Image-text web data:
┏━━

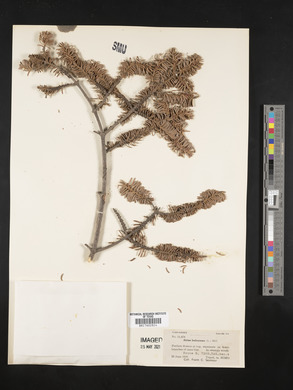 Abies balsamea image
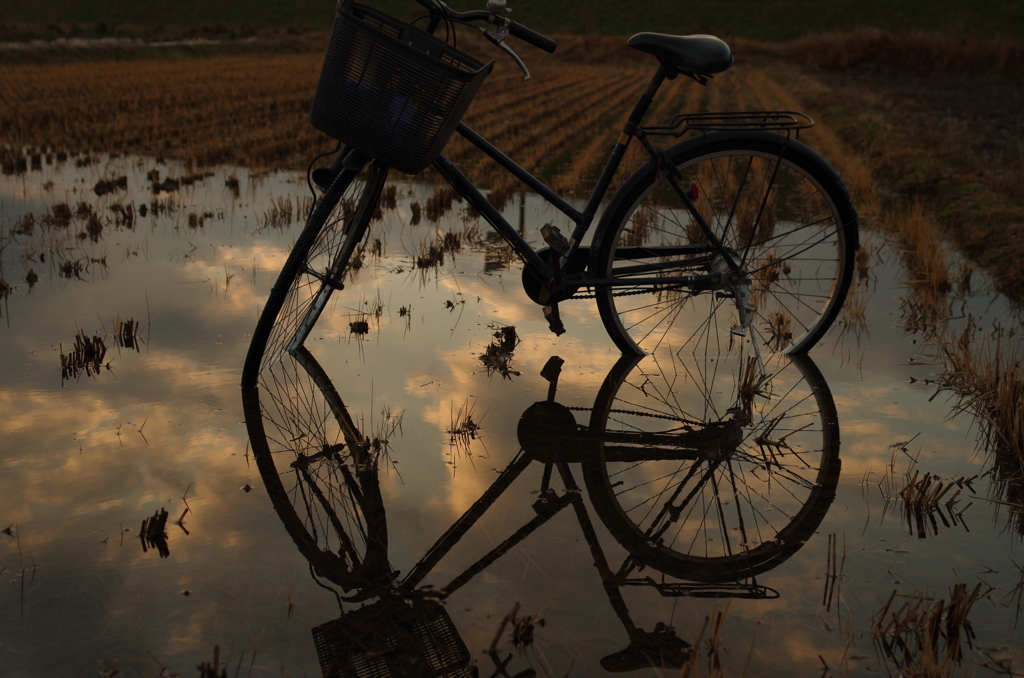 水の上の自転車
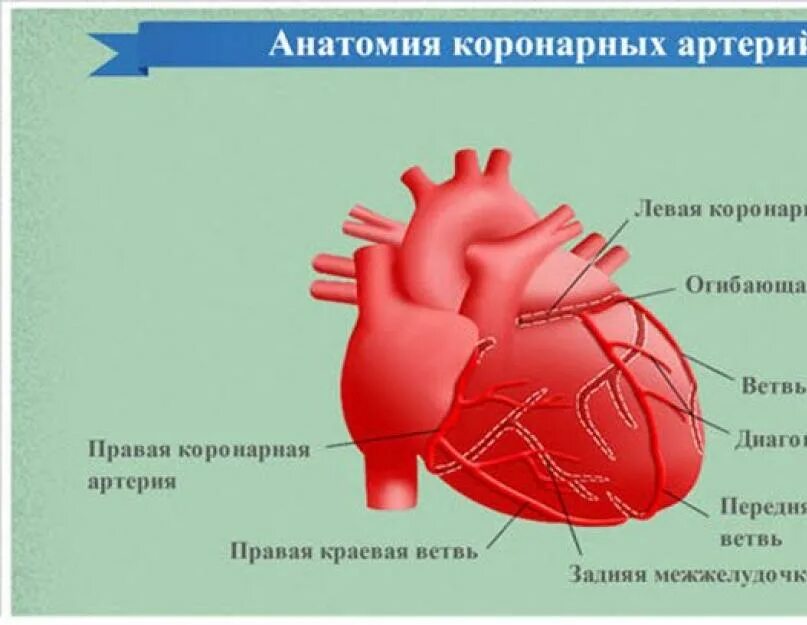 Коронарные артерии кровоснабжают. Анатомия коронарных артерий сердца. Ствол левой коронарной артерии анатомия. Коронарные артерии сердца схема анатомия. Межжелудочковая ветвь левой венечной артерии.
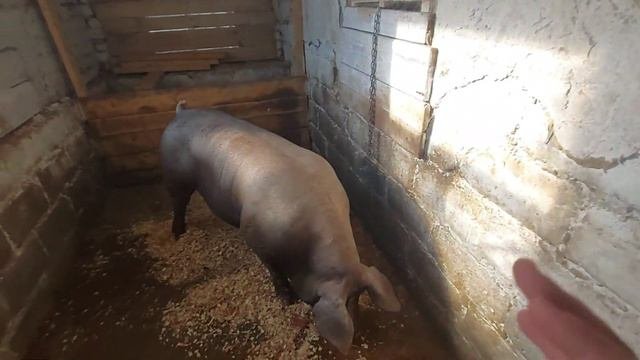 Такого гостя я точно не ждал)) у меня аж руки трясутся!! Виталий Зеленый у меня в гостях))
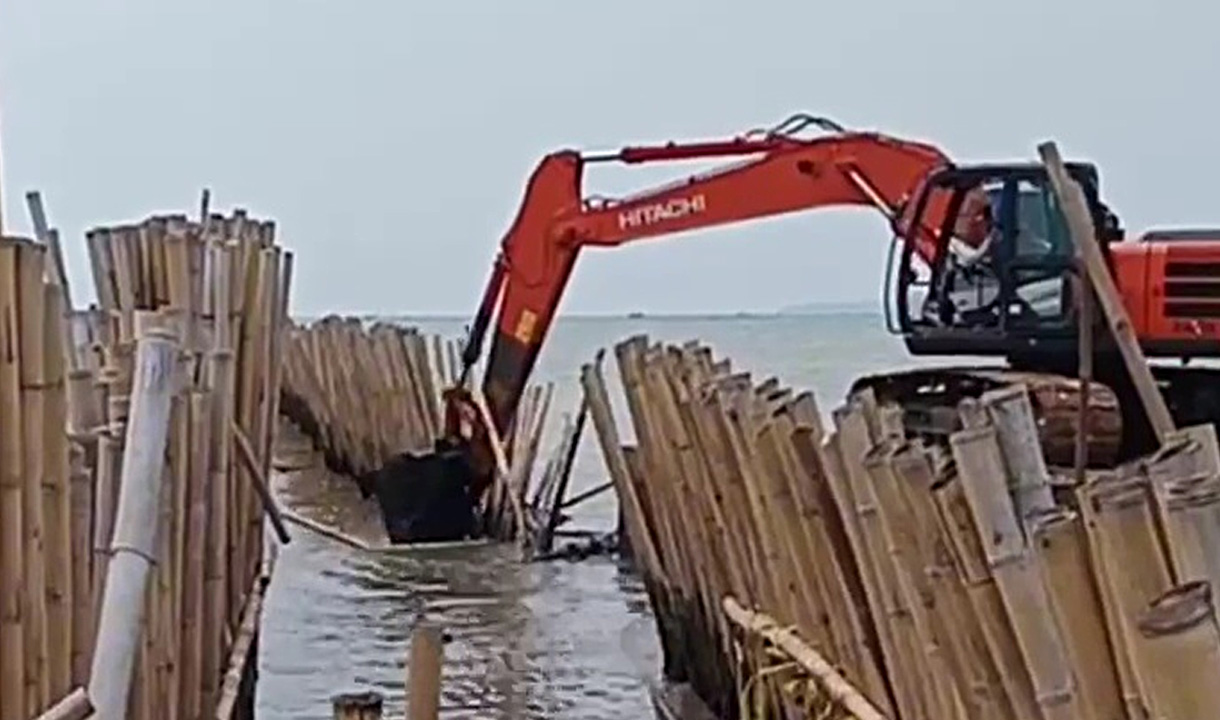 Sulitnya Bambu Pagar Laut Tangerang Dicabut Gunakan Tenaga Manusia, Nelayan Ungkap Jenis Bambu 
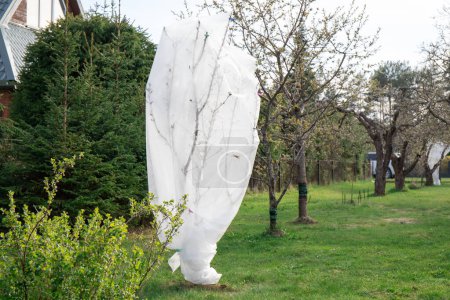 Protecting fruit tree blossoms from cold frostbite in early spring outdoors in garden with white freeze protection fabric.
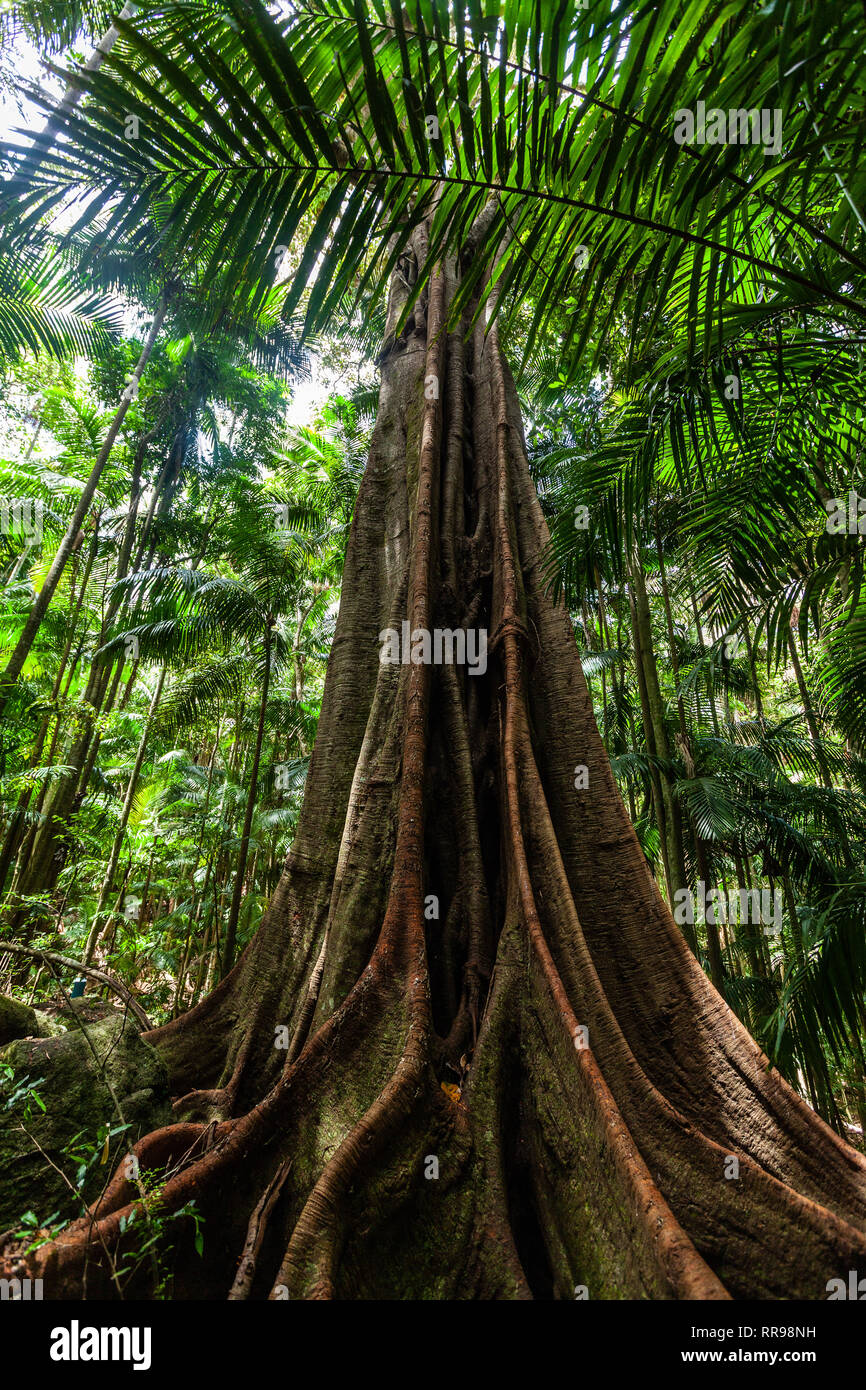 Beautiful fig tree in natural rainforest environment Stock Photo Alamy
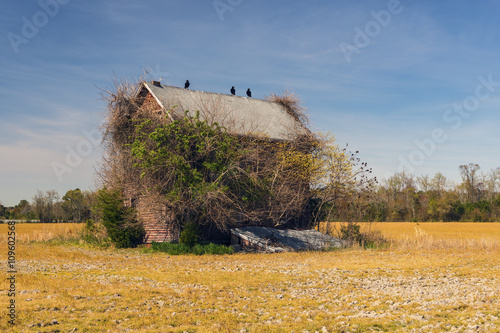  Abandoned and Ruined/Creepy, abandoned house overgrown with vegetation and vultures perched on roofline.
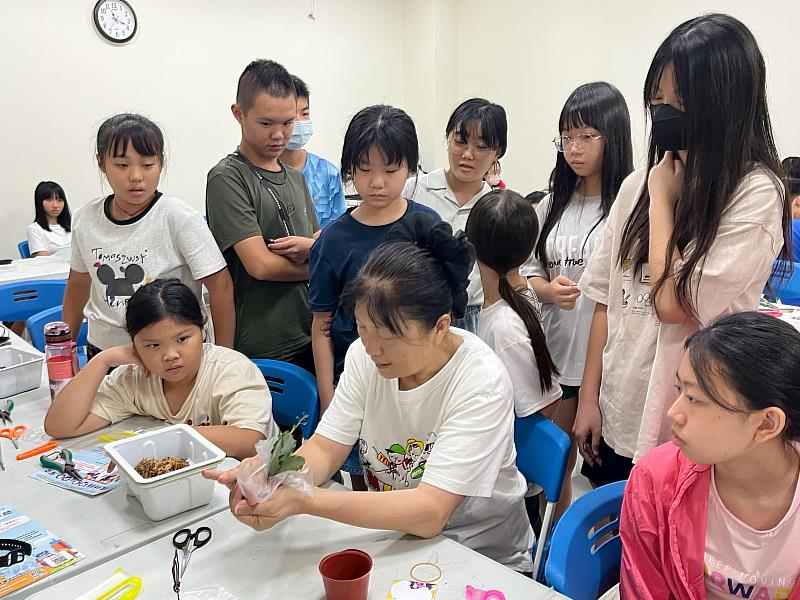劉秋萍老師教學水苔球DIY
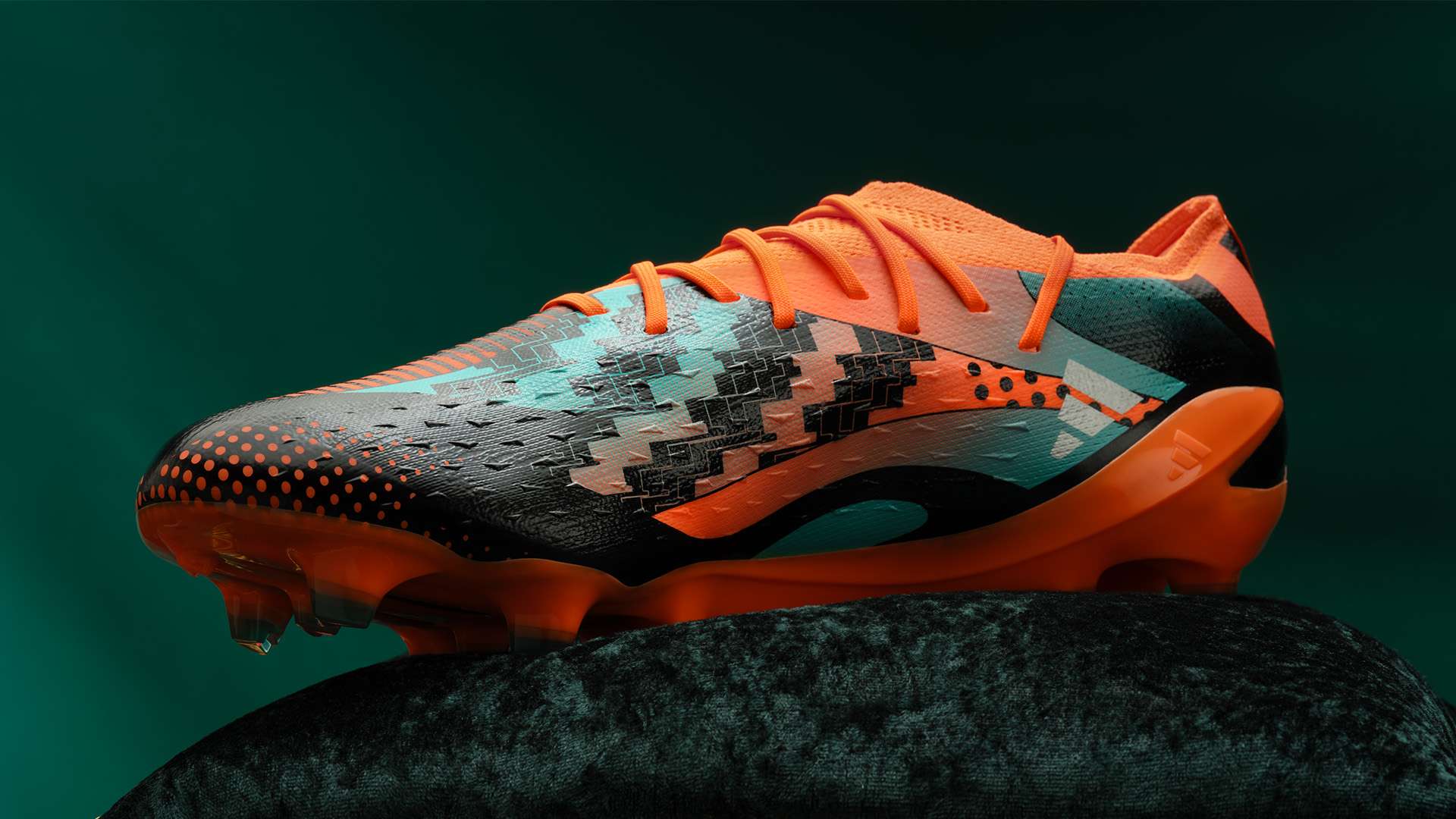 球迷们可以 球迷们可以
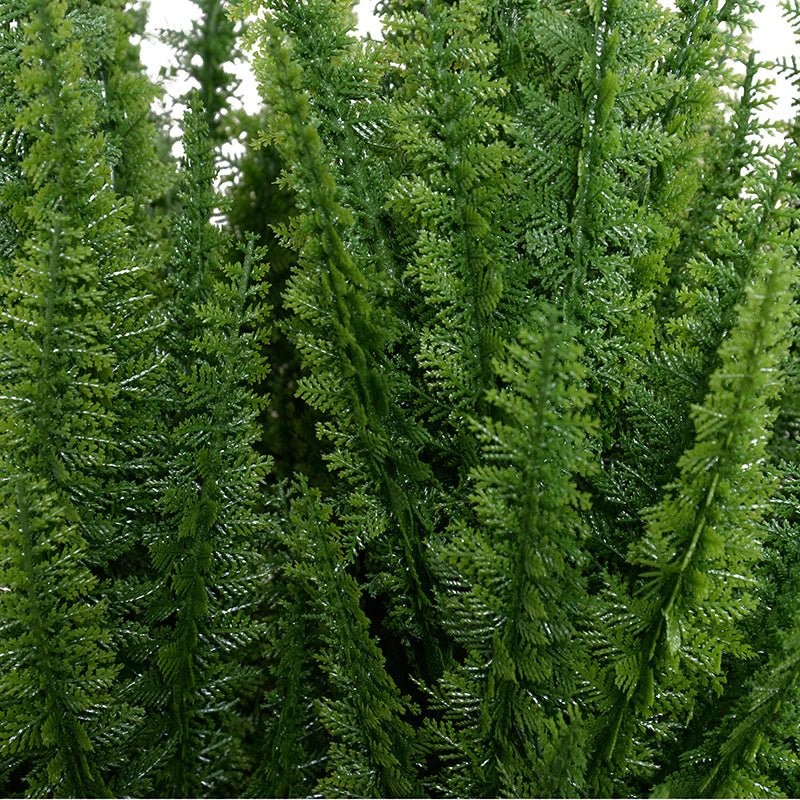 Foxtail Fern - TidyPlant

┗━━

Your instructions: Write out the entries above verbatim; the pictures do not belong in your copy.

Completed task:
 Abies balsamea image
 水の上の自転車
 Коронарные артерии кровоснабжают. Анатомия коронарных артерий сердца. Ствол левой коронарной артерии анатомия. Коронарные артерии сердца схема анатомия. Межжелудочковая ветвь левой венечной артерии.
 Такого гостя я точно не ждал)) у меня аж руки трясутся!! Виталий Зеленый у меня в гостях))
 Sulitnya Bambu Pagar Laut Tangerang Dicabut Gunakan Tenaga Manusia, Nelayan Ungkap Jenis Bambu 
 Protecting fruit tree blossoms from cold frostbite in early spring outdoors in garden with white freeze protection fabric.
 Beautiful fig tree in natural rainforest environment Stock Photo Alamy
  Abandoned and Ruined/Creepy, abandoned house overgrown with vegetation and vultures perched on roofline.
劉秋萍老師教學水苔球DIY
 球迷们可以 球迷们可以
 Foxtail Fern - TidyPlant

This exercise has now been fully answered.